___ DATASET ENTRIES ___

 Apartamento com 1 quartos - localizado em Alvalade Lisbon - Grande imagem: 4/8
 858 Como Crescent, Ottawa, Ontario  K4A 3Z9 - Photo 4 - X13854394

___
___ DATASET ENTRIES ___

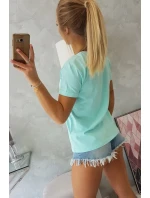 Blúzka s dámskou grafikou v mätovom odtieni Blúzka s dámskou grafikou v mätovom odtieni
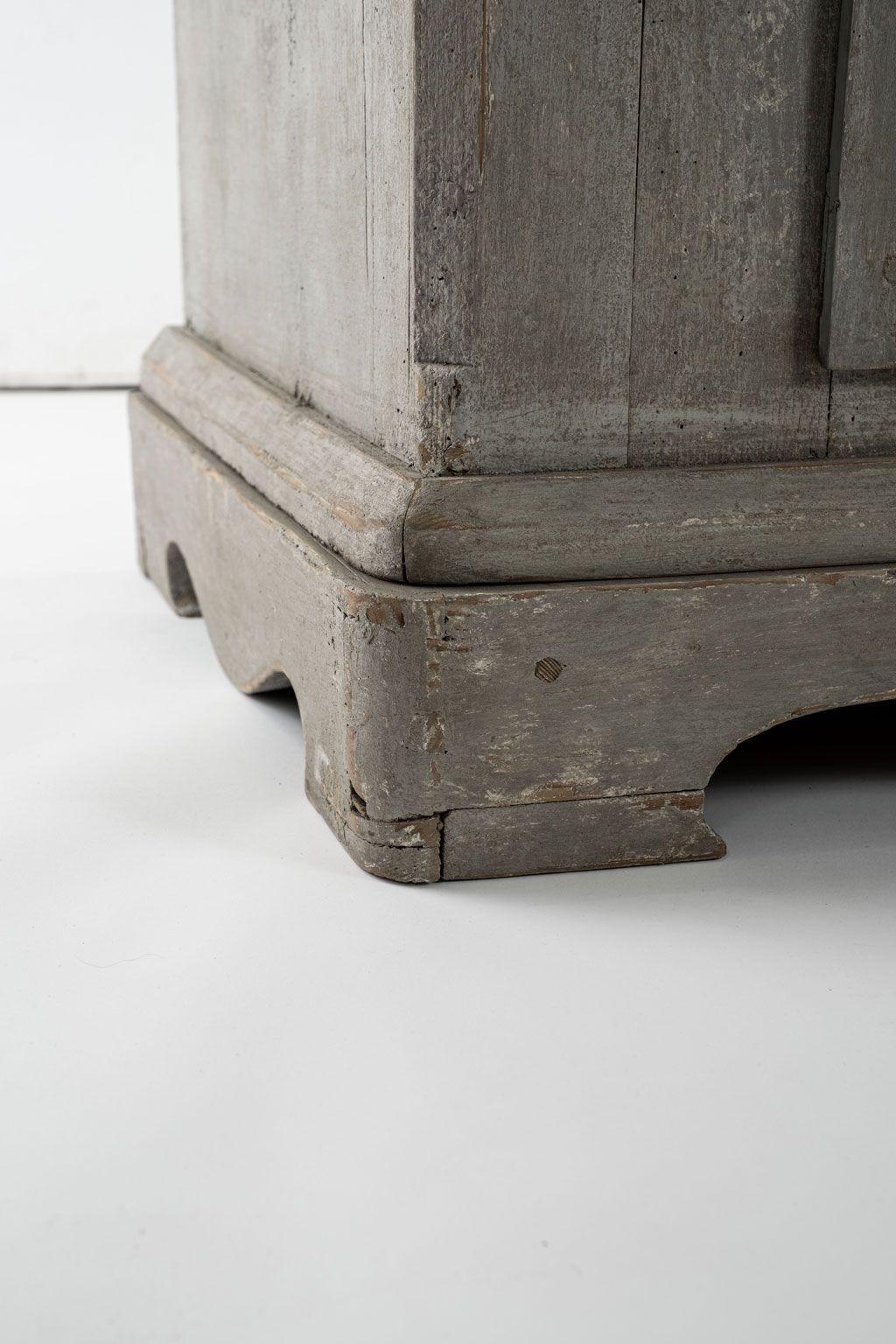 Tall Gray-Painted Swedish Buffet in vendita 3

___

WORK ORDER:
Set the pictures aside and reproduce exactly the lines above, from the line holding "Blúzka s dámskou grafikou v mätovom odtieni Blúzka" through the line holding "Tall Gray-Painted Swedish", both included, with nothing else.

EXERCISE RESPONSE:
 Blúzka s dámskou grafikou v mätovom odtieni Blúzka s dámskou grafikou v mätovom odtieni
 Tall Gray-Painted Swedish Buffet in vendita 3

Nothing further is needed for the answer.